Although I will be studying the decision more, I think it is fair to say that the reasoning of Professor Edward Zelinsky author of Taxing The Church carried the day. The Court viewed 107(2) as just one of a myriad of provisions exempting housing. To treat ministers like secular employees receiving the 119(a) convenience of the employer exemption might lead to intrusive inquiries. This is weighed against the IRS having to patrol the boundary of who is a minister.

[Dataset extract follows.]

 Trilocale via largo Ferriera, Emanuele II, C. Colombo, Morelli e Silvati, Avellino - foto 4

These parallel provisions show an overarching arrangement in the tax code to exempt employer-provided housing for employees with certain job-related housing requirements. Congress has exempted certain categories of employees from complying with the specific requirements of § 119(a)(2) to simplify the application of the convenience-of-the-employer doctrine to those occupations. Section 107, including subsection (2), recognizes ministers often use their homes as part of their ministry. This provision thus eases the administration of the convenience-of-the-employer doctrine by providing a bright-line rule, instead of requiring that ministers and the IRS repeatedly engage with a fact-intensive standard.

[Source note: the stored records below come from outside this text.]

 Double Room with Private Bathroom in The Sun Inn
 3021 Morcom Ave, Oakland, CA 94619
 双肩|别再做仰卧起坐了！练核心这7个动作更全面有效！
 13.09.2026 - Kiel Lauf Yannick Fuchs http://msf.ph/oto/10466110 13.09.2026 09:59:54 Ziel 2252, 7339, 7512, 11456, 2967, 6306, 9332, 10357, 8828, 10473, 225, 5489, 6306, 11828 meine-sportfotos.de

Here is the shoutout to Professor Zelinsky.
In contrast, the application of § 119(a)(2) to ministers would entangle church and state far more than under § 107(2). For example, to determine what constitutes the business premises of the employer under § 119(a)(2), the IRS would have to determine what the “business” of the church is and where and how far the “premises” of the church extend. See EDWARD A. ZELINSKY, TAXING THE CHURCH 168–69 (2017). To do so, the IRS would need to interrogate ministers on the specifics of their worship activities, even determine which activities constitute “worship.” Such government inquiries into the internal affairs of churches to determine their eligibility for tax relief have been rejected as excessive entanglement.
And the bottom line is.
FFRF claims § 107(2) renders unto God that which is Caesar’s. But this tax provision falls into the play between the joints of the Free Exercise Clause and the Establishment Clause: neither commanded by the former, nor proscribed by the latter. We conclude § 107(2) is constitutional. The judgment of the district court is REVERSED
I want to thank Robert Baty, who started all this trouble for the heads up on the decision. I will be providing additional coverage over the weekend, but I wanted to get this out quickly.
About The Picture
This ran on Forbes with a generic stock photo, but here on YTMP where the lower readership indicates higher intellects, I have gone with something from the Tate Museum, which I believe in good faith is public domain. There is a connection between the even pictured – the murder of Thomas Becket – and the parsonage exclusion, but I will leave that for the commenters.